"Tour Eiffel," Bryce Dessner with Kronos Quartet
"Ruche de mots, encrier de miel..."
Hello! If you are new here, I suggest you go back to the start and read the story sequentially. The full list of scenes is here if you’ve missed an instalment, and read this if you’d like to know where the memoir is going.
The following weekend, I see the boys off as they head to their father’s for the holidays. Even though this has been our twice-yearly routine for ten years, neither they nor I are quite used to the pre-flight jumble of emotions, with its excitement and sadness, relief and guilt to be either leaving or soon alone.
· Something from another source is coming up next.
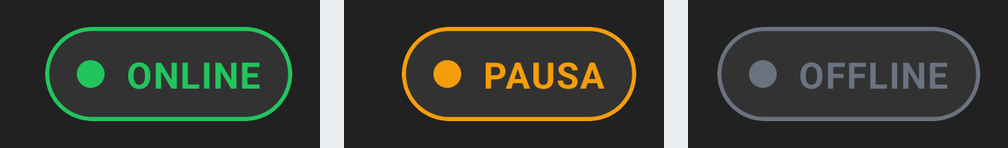 As três pílulas de disponibilidade: Online, Em pausa e Offline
Tiptoeing, aware, keeping things light for each other’s sake.
‘I’ll miss you, Mom,’ they reassure me in turn. ‘Can’t you come with us, this time, or spend Christmas with the cousins so you’re not by yourself?’
Remembering how heavy my wings were as a girl, with each of my own transatlantic migrations for summers in New York with my dad and back to school time in Paris, I echo back cheerful variations on how much fun they will have, how I’ve lined up work and books and films in their absence.
Ever leaving a parent behind, I grew up feeling responsible for both my mother’s stability and my father’s mental wellness, his sadness heavier than all the bags of clothes and gifts he would send my sister and me home with. As a parent, I now do my best to avert any sense of neediness that might intrude on the boys’ special time with their father. I let them steer our long-distance relationship when they are away, calling with birthday or other special messages, and otherwise stepping back. Yet I clearly haven’t got the balance right, since they come home wondering if I’ve missed them, too.
Aware of my tendency to cluck, when Ben was offered a full boarding scholarship for his A Levels, and again leaving for Cambridge, I tried not to interfere with his new routines and treasured his spontaneous calls. When he told me off for not calling often enough, I fretted that I had pushed my maternal detachment too far. He was generous about sharing his solitary moods, picking up the phone to chat about nothing in particular or to ask for esoteric cooking tips, strumming his latest sound doodle from afar. Our calls created sweet pauses from my hamster wheel of domestic concerns, reminders to savour our precious connection.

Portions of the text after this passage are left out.